Online Now 369

Line Prepares For Speed, Elevation

Special To Blue & Gold Illustrated
By Staci Gasser

Chris Watt, left, and Zack Martin, right, are cornerstones on the left side of the offensive line for Notre Dame this season.

Led by 300-pounders and fifth-year seniors Zack Martin and Chris Watt, Notre Dame's offensive line will have the luxury of a significant size advantage Saturday against Air Force.

The Irish starting five outweigh the Falcons defensive front by an average of 54 pounds — 311 pounds to 257 pounds. Instead of bulk, this week the offensive line will be battling speed and the elements.
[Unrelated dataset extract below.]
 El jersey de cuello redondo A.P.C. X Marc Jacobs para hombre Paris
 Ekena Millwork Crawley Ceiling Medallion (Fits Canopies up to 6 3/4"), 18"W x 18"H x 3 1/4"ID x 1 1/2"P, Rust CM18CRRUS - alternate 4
“Going up against Air Force, they’re going to be a tough opponent,” Watt said. “Obviously being a military academy, they are going to be very scrappy and going after us every play. So we will have to give our best efforts out there.”

The Falcons try to make up for their lack of size by moving a lot and finding ways to make plays in the backfield.

“Big thing is movement, they like to move a lot, “ Martin said. “So we need to keep our heads up and stand our blocks.”

Air Force's 12th man, which is also serves to slow down opponents, is the thin air in the middle of the Rocky Mountains . Sitting more than 7,000 feet above sea level, the air is rare at Falcon Stadium, and the altitude tends to affect players who aren’t acclimated to it.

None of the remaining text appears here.